Race Relations Commissioner Dame Susan Devoy looks on while organiser Anneleise Hall speaks during the delivery of a petition calling for an inquiry into state care abuse at Parliament on July 6, 2017. (Photo by Hagen Hopkins/Getty Images)

‘Devastated but vindicated’: Devoy issues powerful rebuke as she exits Human Rights Commission

The race relations commissioner has today voiced an apology for handling of sexual harassment claims, called for resignations and paid tribute to colleagues, following the publication of a ministerial review identifying a ‘schism’ within the Commission

Susan Devoy has declared herself “devastated and deeply sorry” over the way the Human Rights Commission handled sexual harassment allegations among its own staff. Writing today for the Spinoff, Devoy goes substantially further than any commissioner at the organisation has before in acknowledging failures, apologising and calling on unnamed managers to consider their futures.

Devoy, whose decision not to seek reappointment for a second term was announced on Friday as part of a slew of changes in the commissioner roles, addresses in her article the recent controversy around sexual harassment complaints at the commission. “The things our people endured should never have happened in any organisation, let alone ours,” she writes.

“I can only speak on my own behalf to say that I am devastated and deeply sorry that we failed to protect, support and nurture the commission’s most important asset: our people.”

Her remarks make an interesting contrast with the official response to the publication earlier this month of the ministerial review of the Commission over its handling of sexual harassment claims and its wider organisational culture.

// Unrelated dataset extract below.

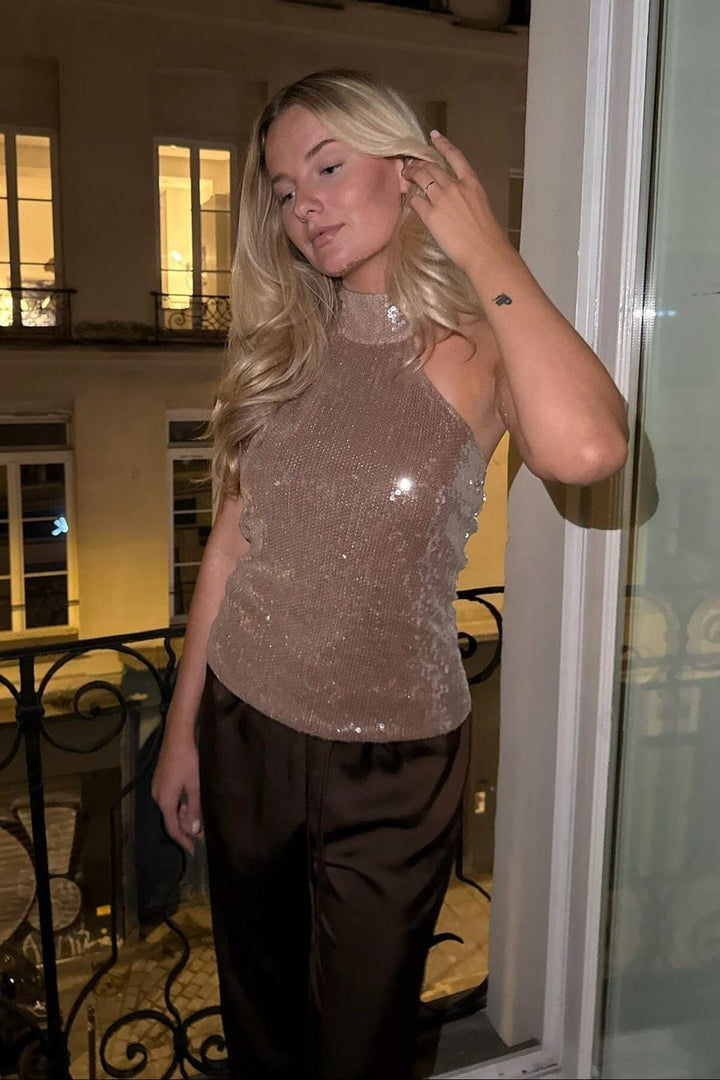 BYIC - Emilyic Top A23739 - Light Brown Sequin T-shirts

The review, which in the summary of justice minister Andrew Little “reveal a system that failed to provide proper care and support for sexual harassment claims made by staff”, followed a Sunday Star Times report on action taken against chief financial officer Kyle Stutter for sexually harassing a young intern.

In a May 15 statement addressing the ministerial review, chief commissioner David Rutherford said, “I take responsibility for the concerns Judge [Coral] Shaw has raised about the Commission. We apologise to all those who have been affected by what has happened, particularly the complainant.”

Devoy is markedly less muted. “I urge others who failed our staff to take responsibility, do the right thing and step aside so that rebuilding trust and confidence in the Human Rights Commission can begin,” she writes.

The Spinoff has previously reported that there was widespread disquiet among Commission employees about the handling of the incident, and the failure to consult with senior staff, including commissioners. Judge Shaw’s report details a “schism” within the Commission that has seen among other things Devoy coming into conflict with the chief commissioner, David Rutherford, and the chief executive, Cynthia Brophy.

The report also noted, “the Review was presented with many complaints and examples of overt and covert bullying at and by all levels of HRC personnel, as well as the other long-standing workplace issues raised by staff.”

A Commission statement on Friday confirmed Devoy is not seeking a second term as race relations commissioner and will leave the Commission in June. Similarly, equal employment opportunities commissioner Dr Jackie Blue will not be seeking reappointment and departs later this year. The statement also revealed that disability rights commissioner Paula Tesoriero has taken over from David Rutherford as chief commissioner. Rutherford, who is also not seeking another term, will depart in June.

Three vacancies – chief commissioner, equal employment opportunities commissioner and race relations commissioner – were yesterday advertised.

The SST reported this morning that Stutter will remain at the Commission despite the “senior staff shake-up”. Stutter’s father, doorstepped by the paper, said the incident had been “blown out of proportion” and his son “set up”.

Devoy pays tribute in her article to her colleagues at the Commission, “human rights experts, visionaries and leaders … our organisation’s greatest treasure”.

After five years, “it’s time to step back and reflect on what’s happened and how we can make sure it never, ever happens again. I hope that other boards and management groups read the ministerial review into the commission as there are things to learn from what our staff went through,” she writes.

“I feel sad but proud. Devastated but vindicated. But also hopeful that things can only get better.”